Charles Howe, who is a veteran firefighter and the vice president of the union, said it prompts new recruits to stay at their current level, leading to a lack of leadership.
“That directly ties to people within the Albany Fire Department not wanting to go up for promotions. That’s a major issue right now. We’ve had several cases where people ended up making more money and were sharing this information with other members that, ‘Hey, if we don’t go up for promotion, there’s a good chance you’ll make more than the guy that does in the near future.’ And we’ve had that happen in several cases,” explained Howe.
James Gibney is a union representative and former Albany firefighter, he said that in his experience, the Albany Fire Department currently operates under a system that enables “pay compression.”
“You do a pay study and you reveal that your firefighters should be making more. That’s your first-rank firefighter. Well, if you say they should make three percent more, you adjust the entire scale up three percent,” said Gibney. “Well, now you’ve maintained the integrity of the scale, the integrity of the ranks and everybody’s efforts and promotion and what they’ve put in to get there. But when you just move the firefighters up, you’ve skewed the whole thing so they’re going to start passing people along their journey.”
WALB Investigates uncovered complaints filed in 2018 from 43 Albany firefighters asking the city to fix the issue. One includes a complaint from 2010, another cites a manager asking a firefighter to withdraw his complaint.
Several other cases reference a 2015 claim where the firefighter’s pay was adjusted. Despite the city’s decision then, in each case we uncovered, the firefighters who complained got the same response from the city.
“Our office did not find any support for alleged inequity or for alleged pay disparity. For these reasons, we are closing the file. This complaint/grievance is considered closed,” the responses read.
“They were told there was no inequity. We didn’t hear anything after that,” said Gibney.
The union said unfair standards lead to low retention rates at the department and eventually, poor protection for the community.
“Imagine your house is on fire, and the fire truck pulls up and the firefighters are standing in the yard because we don’t have enough personnel to actually go in,” said Pettiford.
Pettiford is referring to the “two in, two out” rule. When two firefighters go into a burning building, two others must stay outside as backup in case anything happens.
“Well, if we get on scene, and we only have three people on a truck, we can’t adhere to that rule, so we have to stand in the yard. And you know, monitor the situation until another truck arrives,” explained Pettiford.
While they’re waiting on backup from another station, Pettiford said the fire can double in size several times over. It can go unchecked during a time when every second counts.
Union members told WALB News 10 that last week the city offered the department a choice, a 2.5 percent raise or to fix the pay scale. About two-thirds of the department voted to fix the scale. However, there is no official plan to move forward yet.

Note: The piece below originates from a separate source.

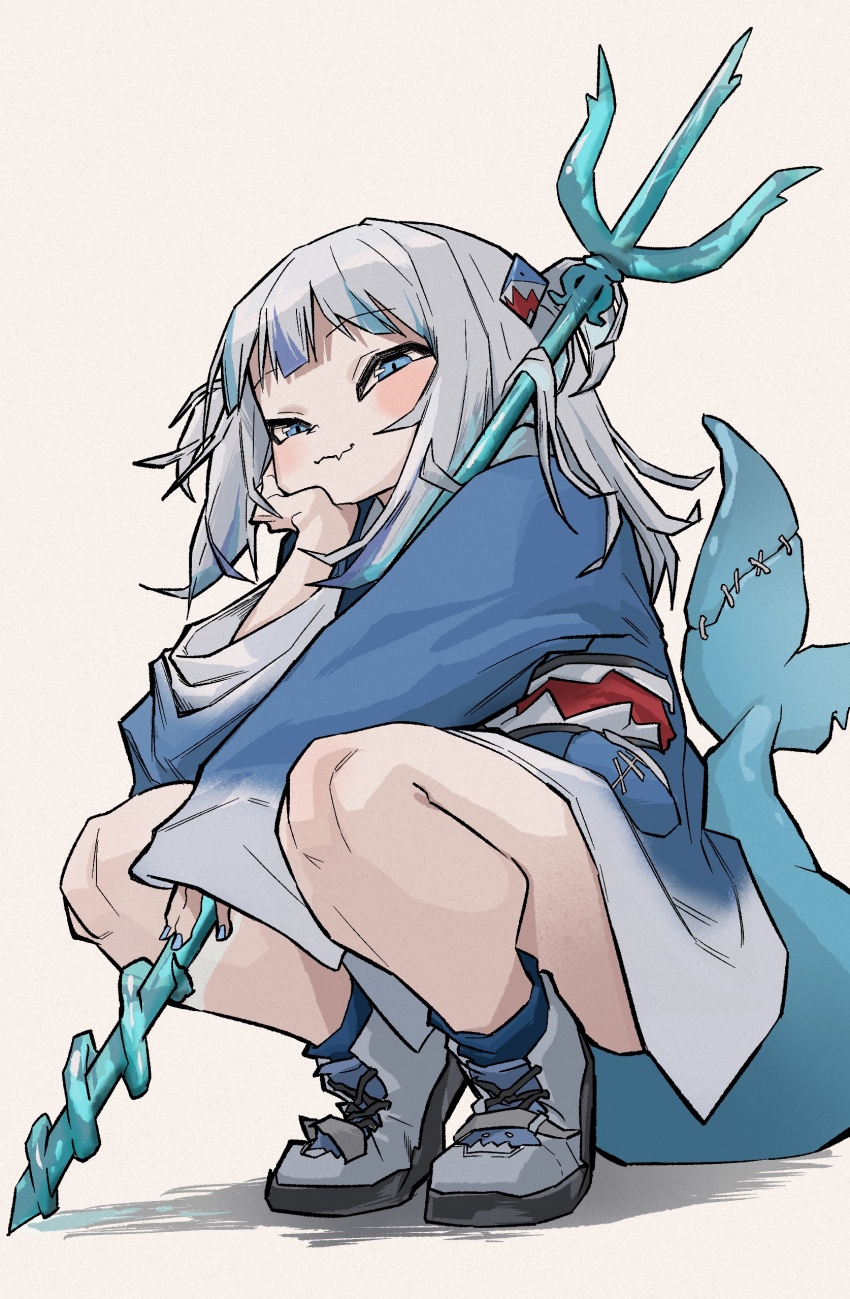 1girl absurdres bare_legs blue_eyes blush fang fins fish_tail gawr_gura gawr_gura_(1st_costume) hair_ornament head_on_hand highres holding_trident hololive hololive_english hood hoodie looking_at_viewer medium_hair shark_girl shark_hair_ornament shark_tail skin_fang squatting squinting stitched_tail tail virtual_youtuber white_background white_hair white_sneakers yuhiharuka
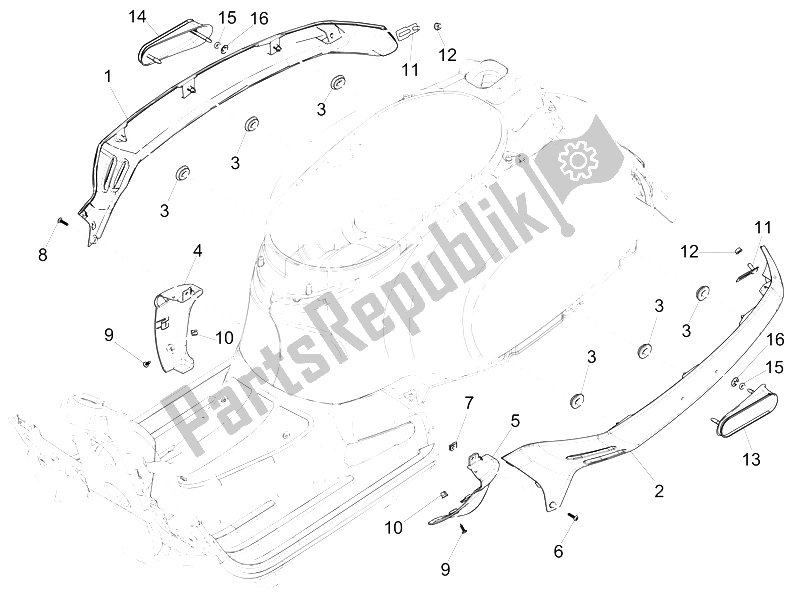 Toutes les pièces pour le Couvercle Latéral - Spoiler du Vespa GTS 300 IE Super 2008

In 2019, a group of city firefighters, finance and human resource employees created a panel to review and address the pay problem.
Union members said those recommendations were essentially ignored. They were not allowed to present their findings to the city manager or city council.
Interview requests for Mayor Bo Dorough and the Interim City Manager Steven Carter did not receive a response.
In response to an interview request on pay inequity for Fire Chief Cedric Scott, a spokesperson said:
“After taking your request into consideration, it has been determined that it would not be appropriate for the Fire Department Chief to speak on pay inequity concerns. The matter does not fall within the realm of the position’s authority or control.”